Billet philosophique

« Choisir son camp »

23 janvier 2015, par Roger Orlu

La philosophie est une science humaine différente de la sociologie, mais des recherches sociologiques peuvent très bien éclairer des réflexions philosophiques. C’est le cas du travail effectué depuis des dizaines d’années par le sociologue suisse Jean Ziegler, qui vient de publier une nouvelle version de son ouvrage “Retournez les fusils ! Choisir son camp“, où il nous donne notamment le contexte des événements tragiques survenus dans le monde ces derniers temps et les engagements à prendre.

Selon la FAO, un enfant meurt de faim toutes les 5 secondes, assassiné par une finance détentrice d’un pouvoir que nul n’a connu dans l’histoire. Photo réalisée au Soudan en mars 1993 par le Sud-Africain Kevin Carter et désignée « photo de l’année » par le Prix Pulitzer en 1994.

Dans ce livre, Jean Ziegler « décrypte un système capitaliste cannibale, qui tue pour une maximalisation des profits. Face aux assauts de ce système, il appelle les citoyens à se mobiliser, à se retourner contre cette dictature oligarchique pour renverser la forteresse financière », comme le dit ‘’l’Humanité-Dimanche’’, qui vient de l’interviewer. Nous publions de larges extraits de cet entretien.

HD : La paix était-elle concevable dans un monde où un enfant meurt de faim toutes les 5 secondes ?

– Jean Ziegler : Nous vivons sous un ordre cannibale du monde, totalement absurde. L’année dernière, les 500 plus grandes sociétés transcontinentales privées, tous secteurs confondus, ont contrôlé 52,8 % du produit mondial brut, ce qui correspond à toutes les richesses produites une année sur la planète. Marchandises, capitaux, services, brevets, etc. il n’a jamais existé une telle monopolisation, une telle concentration de pouvoir politique, économique, financier, idéologique et militaire.
Cette dictature du capital financier globalisé détient le pouvoir comme jamais un pape ou un empereur n’en n’a eu entre ses mains. Cette oligarchie échappe à tout contrôle social et dicte sa loi aux États, même les plus puissants. Elle fonctionne autour d’un seul principe : la maximalisation du profit dans le temps le plus court. C’est un système de violence structurelle.
En même temps que ces dictatures du capital financier ont produit cette concentration de pouvoir totalement incontrôlé, dans les pays du Sud, les pyramides de martyrs augmentent.
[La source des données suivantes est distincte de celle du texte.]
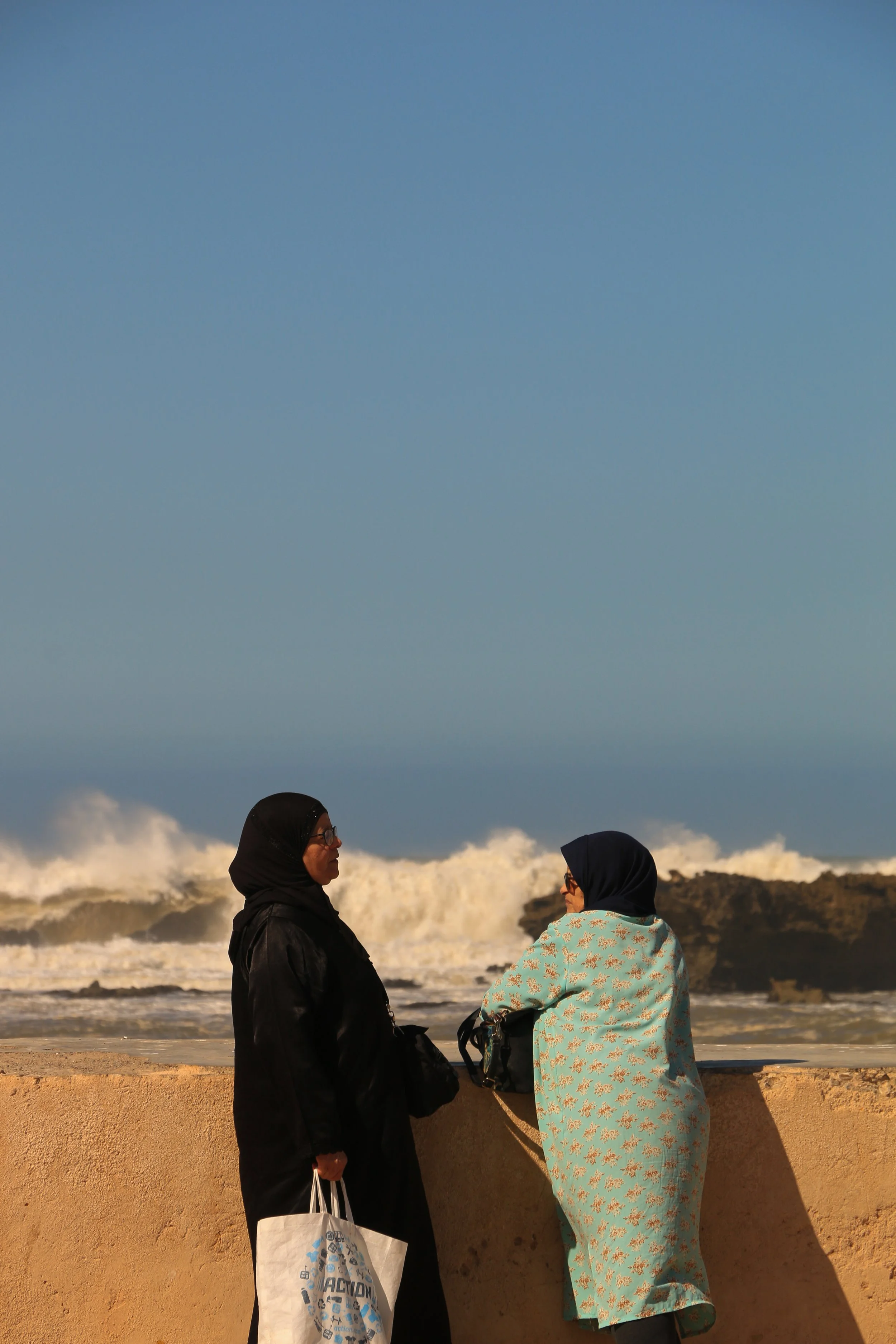 Two women wearing hijabs and glasses engaged in conversation by the seaside, with waves crashing in the background under a clear blue sky.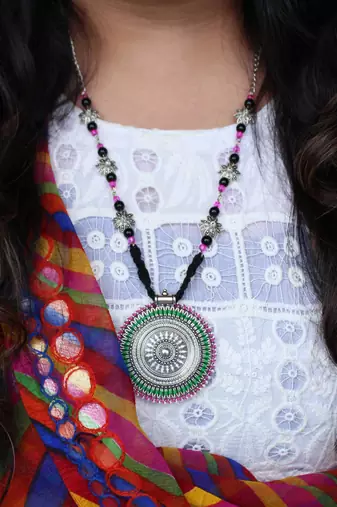 Oxidized silver pink & green long haar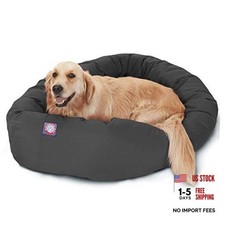 Poly-Cotton Bagel Dog Bed  Calming Donut Dog Bed  Cuddler Pet Bed 40 in Gray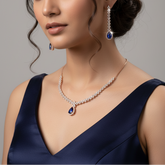 925 Sterling Silver Rose Gold Sapphire Blue Necklace Set
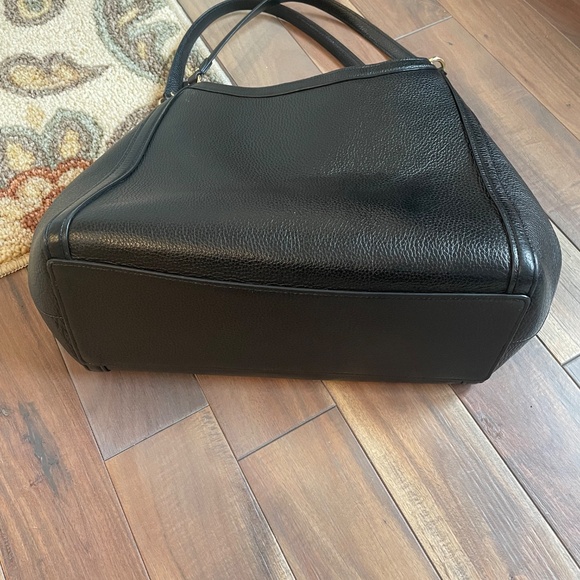 Coach Black Pebbled Leather Shoulder Bag - Large - Picture 7 of 9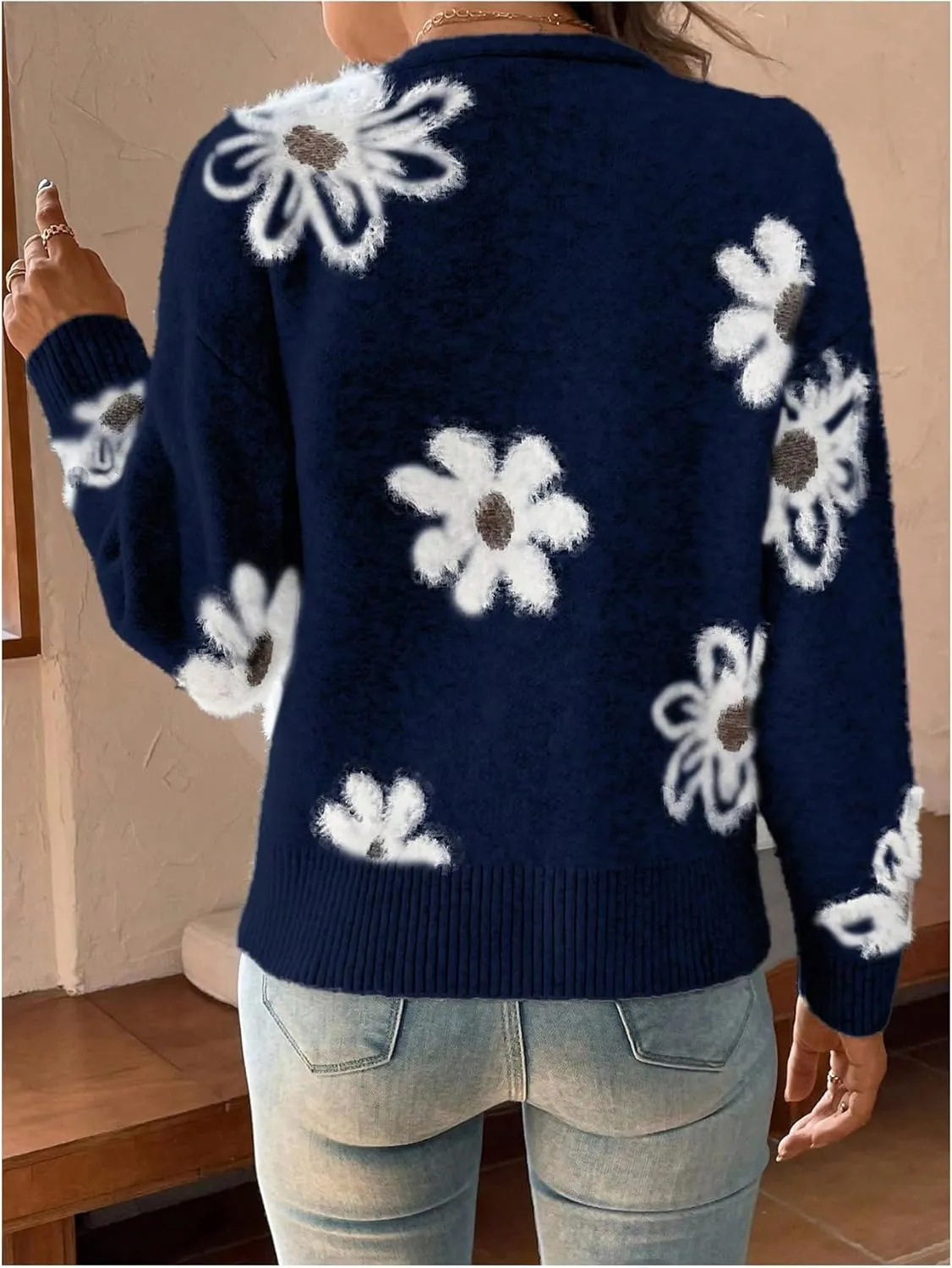 SHENHE Women's Floral Print Button Down Cardigan V Neck Drop Shoulder Knit Outerwear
Dans son dernier rapport sur l’insécurité alimentaire dans le monde, l’Organisation des Nations Unies pour l’Alimentation et l’Agriculture (FAO) constate que, toutes les 5 secondes, un enfant meurt de faim ou de ses suites immédiates. Plus d’un milliard de personnes sont en permanence gravement sous-alimentées et 59.000 périssent tous les jours. Or la FAO y affirme que l’agriculture mondiale dans son état actuel avec ses forces de production pourrait nourrir normalement 12 milliards d’êtres humains. Nous sommes 7,8 milliards. On est en capacité de nourrir près du double d’êtres humains. Un enfant qui meurt de faim, aujourd’hui, est assassiné. Voilà l’ordre cannibale du monde dans lequel nous nous trouvons et qui écrase la planète. La paix ne se fera jamais, d’aucune façon, sans son renversement. Il faut exproprier et détruire cette dictature du capital financier afin que l’on puisse restaurer des États et le bien commun pour la justice sociale.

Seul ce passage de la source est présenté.